Sir, I rise to order. Surely that is language not suitable to this House.


The hon. and gallant Member has used a word quite unparliamentary.


I would be sorry to use any expression which may be deemed unparliamentary; but I cannot find language sufficiently strong to reprobate the conduct of the hon. Member for Aylesbury. Still, Sir, I am ready to withdraw any expression which you may consider to be improper; but I really do think that the hon. Member should not, without acquainting himself with the circumstances—to put it in the mildest way—venture to asperse the character and conduct of gallant officers both in the army and navy.


said, he would put it to the House whether the discussion as to military promotions ought not to cease. A notice stood in his name on the paper, to the effect that he intended to ask the First Lord of the Treasury what was the opinion of the Government with reference to Lord Dundonald's plan for the destruction of the Russian fortresses, but he had been requested by Lord Dundonald to postpone the question until Monday next, upon which day he would accordingly put it.

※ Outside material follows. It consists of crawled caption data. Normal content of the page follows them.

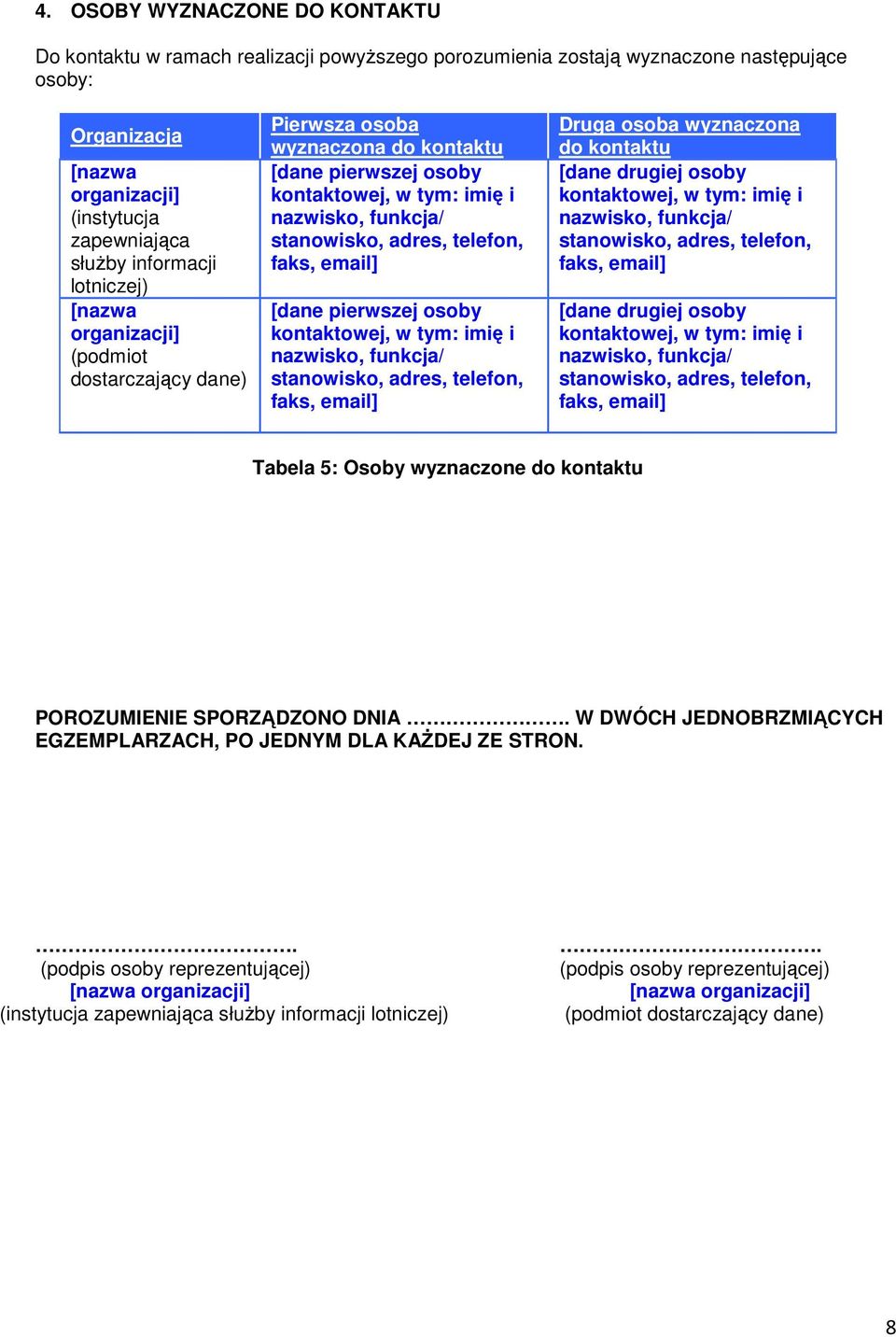 telefon, faks, email] [dane pierwszej osoby kontaktowej, w tym: imię i nazwisko, funkcja/ stanowisko, adres, telefon, faks, email] Druga osoba wyznaczona do kontaktu [dane drugiej osoby kontaktowej,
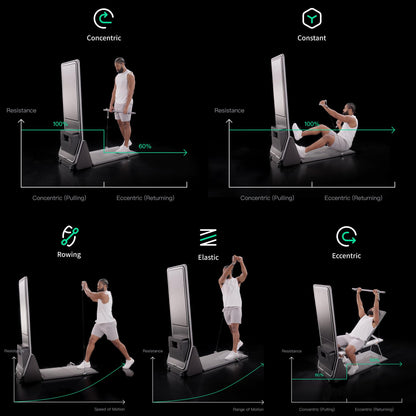 AEKE Smart Home Gym System- Fitness Mirror K1: AI-Powered All-in-One Fitness Machine for Full-Body Strength Training and Personalized Workouts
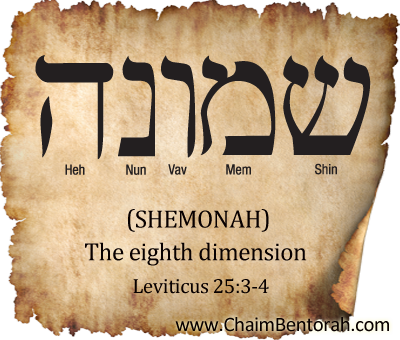 HEBREW WORD STUDY – THE EIGHTH DIMENSION – SHEMONAH  שמונה  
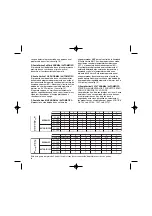 Preview for 22 page of Vortice PUNTO VORTICE M 100 Instruction Booklet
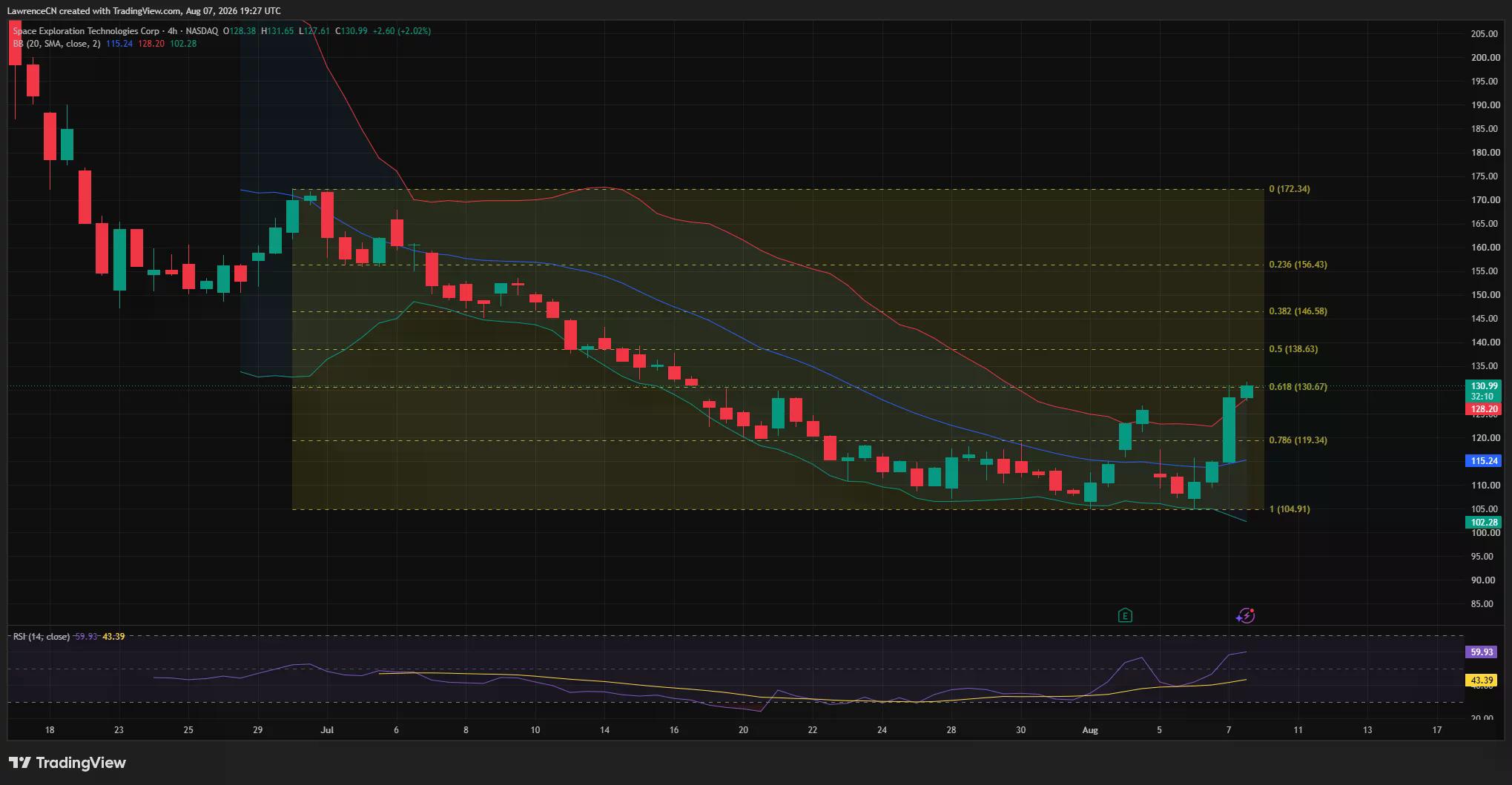 SpaceX 4-hour chart shows SPCX rebounding to $130.99 and testing $130.67 Fibonacci resistance as RSI rises toward 60.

Sir, I cannot but express the deep regret which I feel, and which I am sure is partaken by the majority of this House, at the position in which the hon. Member for Aylesbury has this evening placed himself. Every man is at full liberty—and he does but perform his duty in exercising that liberty—to bring forward against public men any charge in respect to which he feels that he stands on good grounds, and in justification of which he can bring forward proofs which will honestly convince himself and any reasonable man that his charges are founded upon fact. The hon. Member for Aylesbury was, no doubt, perfectly justified in making the charges which he has brought forward against my noble Friend at the head of the army, if his conscientious impressions led him to believe that he had good grounds for the accusations; but, after the proofs and de- monstrations which have been this evening laid before the House, that there was not a shadow of foundation for those charges—after every reasonable man must have been convinced that those charges were false and calumnious, I cannot but think that the hon. Gentleman would have pursued a course more honourable to himself if he had—


said, he rose to order. He was a young Member of the House, but he respectfully submitted that the noble Viscount had used words which were altogether unparliamentary, when he charged another Member with stating that which was "false and calumnious." Only that very evening an hon. Member opposite (Colonel Knox) had already been obliged to retract similar expressions—and he (Mr. Otway) hoped that as long as the present Speaker presided over the deliberations of that House, the noble Viscount would not be permitted to indulge in such language. [Cries of "Order," and much excitement.]


What I understood the noble Viscount to say was, that the charges" made by the hon. Member for Aylesbury were false and calumnious.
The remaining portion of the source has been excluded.